Ilustración: Shutterstock.
Edición 463-Diciembre 2020.

En el año 2007 mis hijos mayores eran todavía niños, y todavía usábamos la televisión. Así, el mayor de ellos descubrió a Hannah Montana, una serie de televisión infantil original de Disney Channel. Hannah era interpretada por Miley. Miley tenía doce años.

Hannah Montana era una serie para niños que relataba la vida de una chica con una doble vida: era una estrella del pop y era una niña como cualquiera. Su música sonaba en mi casa y en el auto. Hasta vimos una de sus películas en el cine. Recuerdo que la guagua me cayó muy bien, especialmente porque yo también tengo una doble vida: a veces soy un tipo cualquiera y otras, encubierto por el secreto, soy un tipo común y corriente.

Así pasaron los años con mis hijos creciendo, con la música sonando, la melenas largas, las voces potentes, las historias simples con amor, enojo, reconciliación y final feliz. Aparecieron otros ídolos juveniles: Hermione, Harry y Ron.

Verán, yo soy un tipo lleno de defectos, pero no tengo el defecto de mirar cochambrosamente a las mujeres que he visto crecer. Entonces, aunque Emma Watson se convirtió en una de las mujeres más hermosas del planeta, para mí —que la vi crecer película a película— es como ver a una sobrina.

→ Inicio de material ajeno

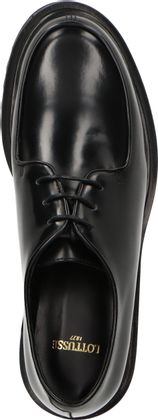 Lottusse COVENT Damen-Schürschuhe aus Leder 101001000046 (Schwarz)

Y me pasó que un día esta niña, que también vi desarrollarse y, según yo, se llamaba Hannah Montana, apareció convertida en Miley Cyrus. Ella, que hasta 2012 había seguido siendo una especie de amiga de mis hijos, en 2013 apareció parcialmente chirisiqui en la portada de Rolling Stone y totalmente chirisiqui en un video, subida en una bola de demolición. La noticia fue mundial y como al Dr. Chapatín, a mí me dio cosa.

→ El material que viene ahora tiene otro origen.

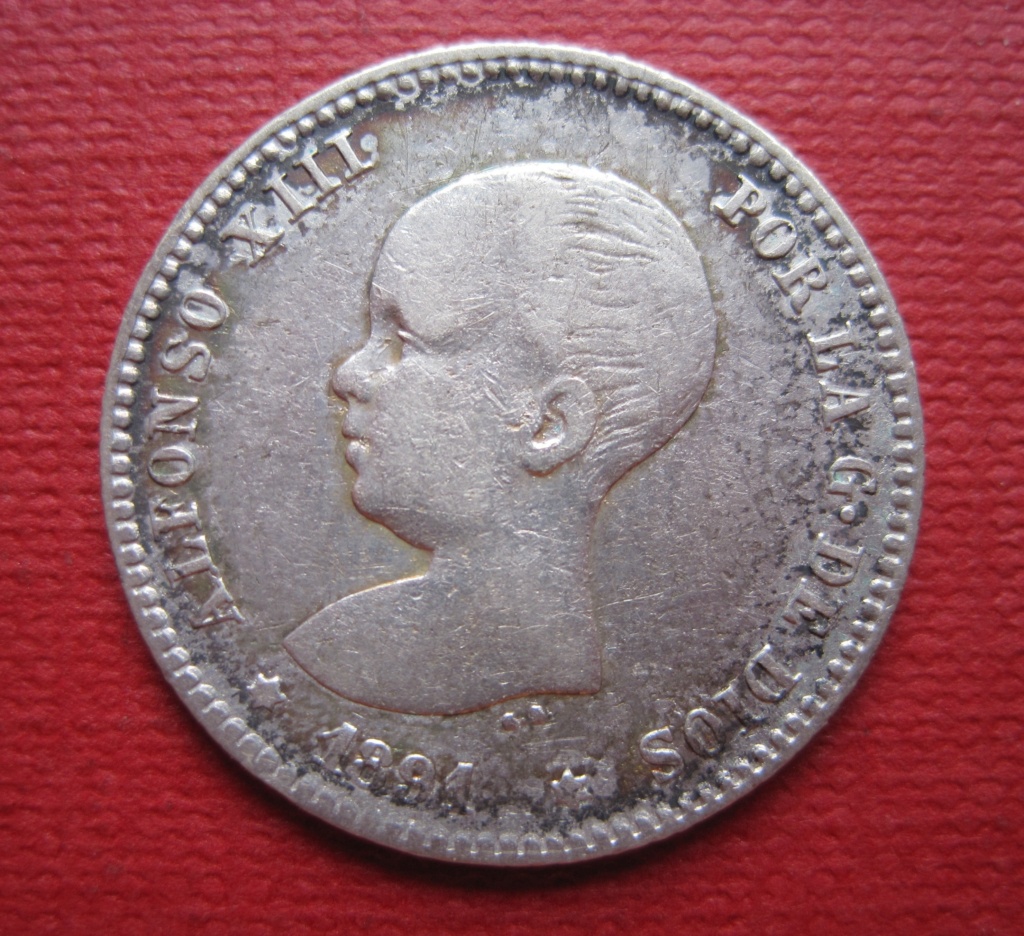 1 Pts de 1891 Alfonso XIII Ref10910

Me resentí como el típico tío metiche y corté mi interés en su carrera. Me olvidé de su voz espectacular, de su registro vocal, de su talento en general. La encerré en el convento de mi memoria y esa niña que vi crecer desapareció de mi horizonte. Mis hijos —sin saberlo— ayudaron a sepultarla porque les dio por llevarme al cine a ver solamente películas de terror durante varios años. Yo chillaba, ellos se reían.

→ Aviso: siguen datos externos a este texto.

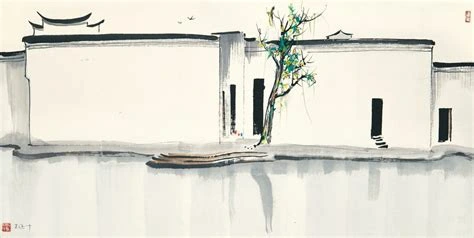 Two Swallows by Wu Guanzhong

Lo cierto es que hace como un año, por pura chiripa en los videos aleatorios que vienen en cadena en YouTube, encontré un dúo de Miley Cyrus con el inmarcesible Billy Idol de 2016. Quedé fascinado con la versión de “Rebel Yell”. Miley hace lo que le da la gana con su voz. Me cuesta mucho aceptar nuevas versiones de mis canciones adoradas, sin embargo, no pude estar más contento con la interpretación. Repetí el video docenas de veces. Su versión de “Heart of Glass” (Blondie) es una joya palpitante.

Busqué todo lo que me había perdido de esa voz, esa actitud, esa libertad. Varias horas he dedicado a escucharla y redescubrirla, tratando de compensar el tiempo perdido. Hice conciencia de que esa actitud de desparpajo y seguridad me habían parecido magníficas en otras mujeres, pero a ella no se lo perdoné.

¿Por qué hice lo que hice con Miley? Pues su pecado fue que la vi crecer. Y por alguna razón somos más dados a dejar vivir en paz a quienes están lejos. La familia es el primer círculo intelectual y moral que nos toca enfrentar y usualmente el más difícil cuando te sales del molde. Es paradójico, pero ver crecer a alguien nos da la falsa idea de que sabemos para dónde debe ir.

Y bueno, todo esto para decirles que escuchen a Miley Cyrus.